Jurisprudence depuis 2023

Les tribunaux de la Colombie-Britannique ont repris le même raisonnement dans deux décisions récentes : Larsen v. ZF TRW Automotive Holdings Corp.3 et Bowman v. Kimberly-Clark Corporation4. Cette nouvelle tendance soulève tout particulièrement l’intérêt des fabricants de produits de consommation, quand on sait que les groupes de consommateurs canadiens sont de plus en plus nombreux à déposer leurs actions collectives en Colombie-Britannique.

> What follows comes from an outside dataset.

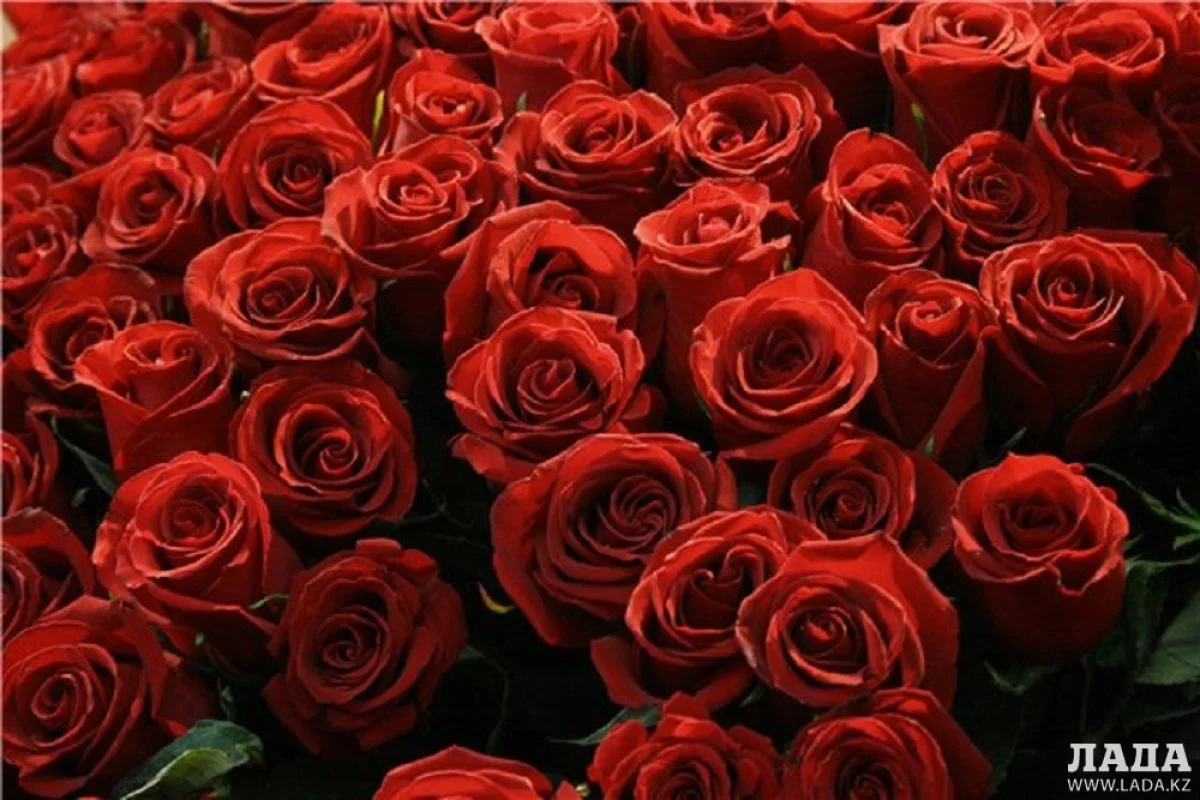 Фото lentachel.ru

Dans Larsen, la Cour a refusé d’autoriser une demande d’exercer une action collective visant des coussins de sécurité gonflables ayant fait l’objet d’un programme de rappel et de réparation. Entre autres, la réclamation était entièrement fondée sur un préjudice économique; la demanderesse n’a pas allégué qu’elle ou les membres du groupe avaient subi des blessures physiques qui auraient été causées par le défaut allégué. Le juge Majawa a conclu que le rappel offrait une réponse complète aux allégations de conception défectueuse de la demanderesse. Il a également souligné que le rappel remplissait les objectifs de l’action collective. Les membres du groupe ont été indemnisés pour leurs préjudices présumés, et toutes les personnes touchées par les rappels réglementaires ont été rétablies dans leur situation antérieure. Le programme de rappel ne soulevait aucun problème d’accès à la justice, bien au contraire : il était plus avantageux que l’action collective pour tous les membres du groupe qui possédaient un véhicule visé par le rappel, mais qui n’avaient pas encore fait faire les réparations. De plus, la campagne de rappel avait atteint son objectif de changement de comportement en obligeant la défenderesse à agir, puisque le produit défectueux a été retiré du marché.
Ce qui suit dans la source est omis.